I realized a similarity between the beautiful wildflowers & the deer’s suffering. Both were caused by human alterations associated with the road I was using for my ride. The wildflowers were in the cleared swale along the road (I’m sure they were also in the adjacent pinelands, but I did not take the time to find them there) & the deer was caught up in the fence necessitated by the road (to keep the farm animals from being run over). Reality set in & I began reflecting on human impacts. I thought of my need for roads to enjoy my biking (whether it be driving to mountain bike or having pavement available to ride from home). Roads cause much death of both humans & critters. In thinking of human impacts I realize that even this blog I write comes at the expensive of energy used to create my computer, camera & power the servers, not to mention the human suffering created by the mining of precious metals in this Macbook & my camera.

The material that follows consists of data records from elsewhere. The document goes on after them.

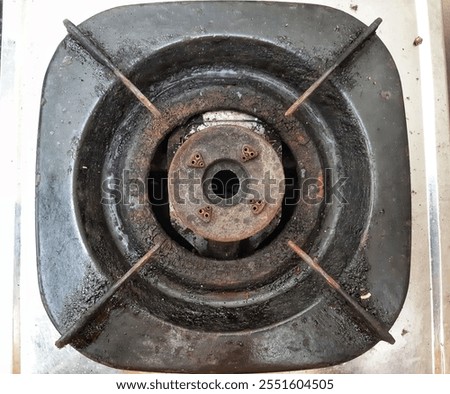 Similar – Image, Stock Photo Gas flame | still burning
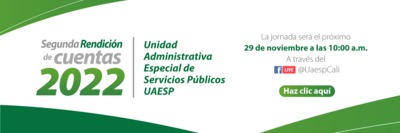 El 29 de noviembre ser&aacute; la rendici&oacute;n de cuentas de la Uaesp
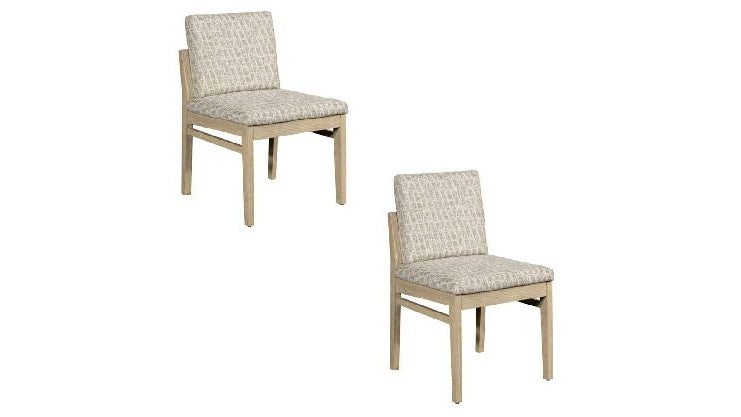 Trifecta - Dining Chair Set of 2 - Driftwood Cerused Oak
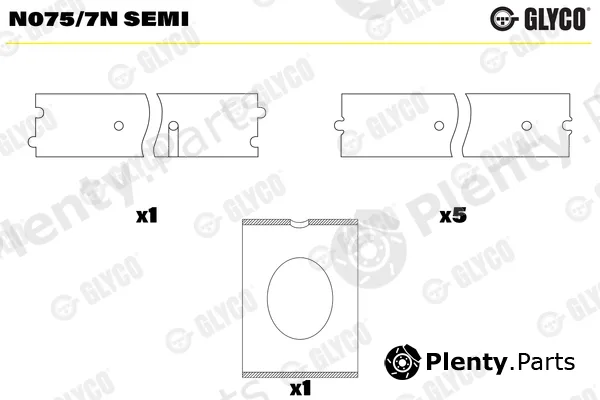 Glyco N075/7NSEMI — Camshaft Bearing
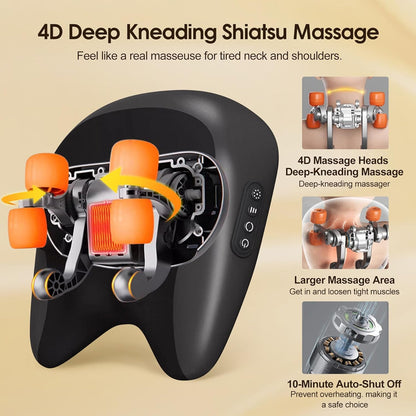Shoulder, Neck & Lumbar Spine Pillow Massager - Wishlet Shop
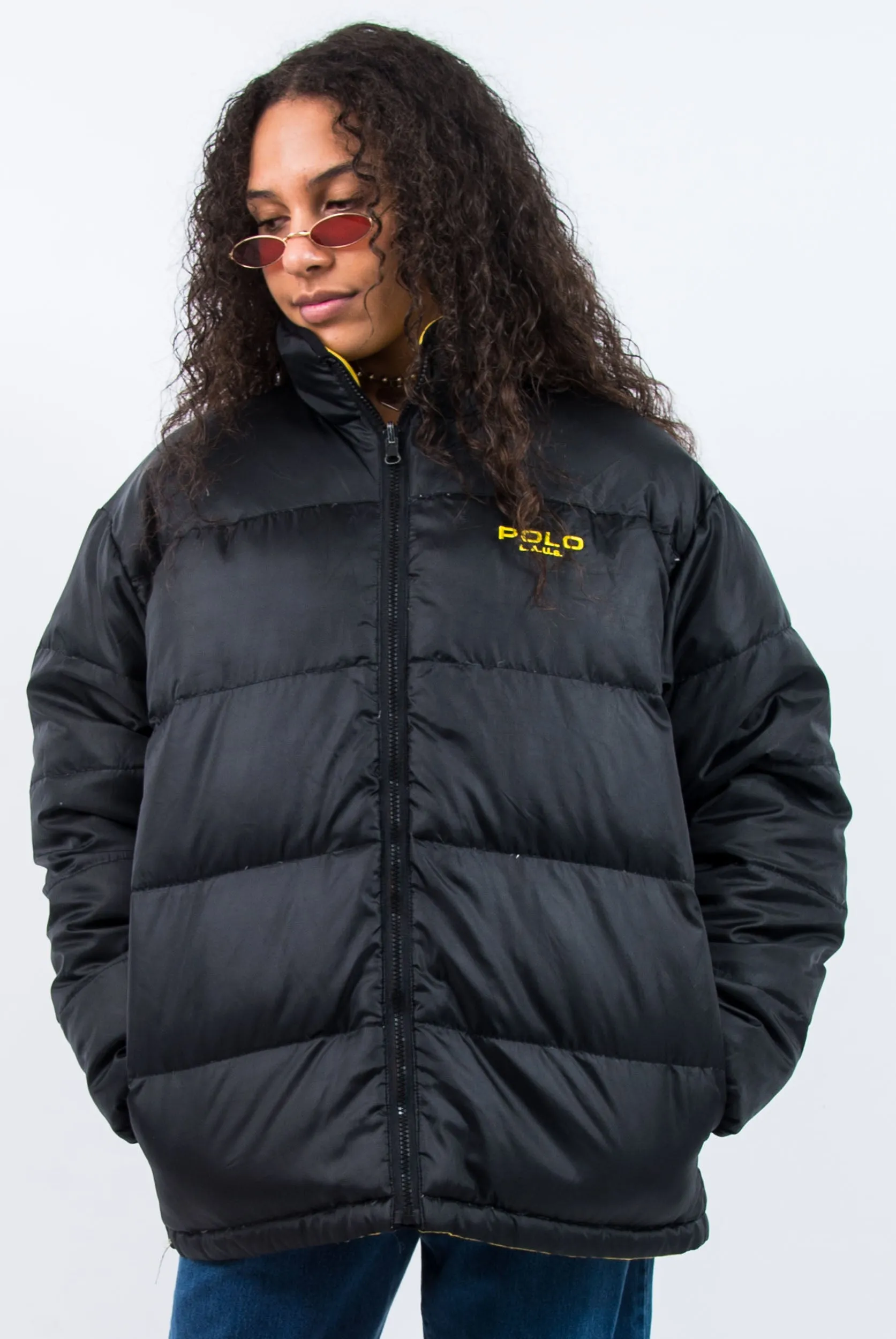 Vintage 90's Reversible Puffer Jacket Coat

So these are not new thoughts to me & I am still enjoying my ride. However, I am reminded that I live in a world that is out of balance & I am very much a part of that world, even when on a weekend bike ride. I think of my Social Work career and the good people I get to work with who get labelled as mentally ill. But in a world so out of balance with what it means to be human, who is mentally ill? While I believe that we all need to find happiness & relief from suffering, perhaps those of us who can tolerate a society that chooses to find all our happiness in external pleasures are the truly insane? Who are we to judge others? I certainly have not known the suffering caused by race or gender discrimination. I did not suffer an abusive childhood. The only real suffering I know is the knowledge that we live in a world where we do not love each other. I am reminded of what Pat Korb would always say “everyone has perfectly good reasons for being exactly the way they are”. I find whenever I take the time to listen rather than judge, this always turns out to be true.
So yes, a pleasant bike ride combined with endorphins does lead me into deep thought (I often wish I could write while I ride). Before getting home, I had one more reminder of reality. I stopped in the southeast neighborhood I cut through to get to the trail, in order to put away my Ipod Shuffle (usually I do this at the end of the trail, but I wanted to hear the end of a Neil Young song I like). While stopped, a young black teenager on a bike carrying a 6 foot piece of rebar approached & said “Get out My Hood!” then he turned around. I said something stupid like “I’m just passing through, Brother” I was fully expecting to hear “You aren’t my Brother” but he just repeated “Get out My Hood” as he road off. So again, I am reminded of how out of balance our world is. I appreciate him for reminding me that I can’t blissfully bike through life without also acknowledging the suffering caused by our current reality.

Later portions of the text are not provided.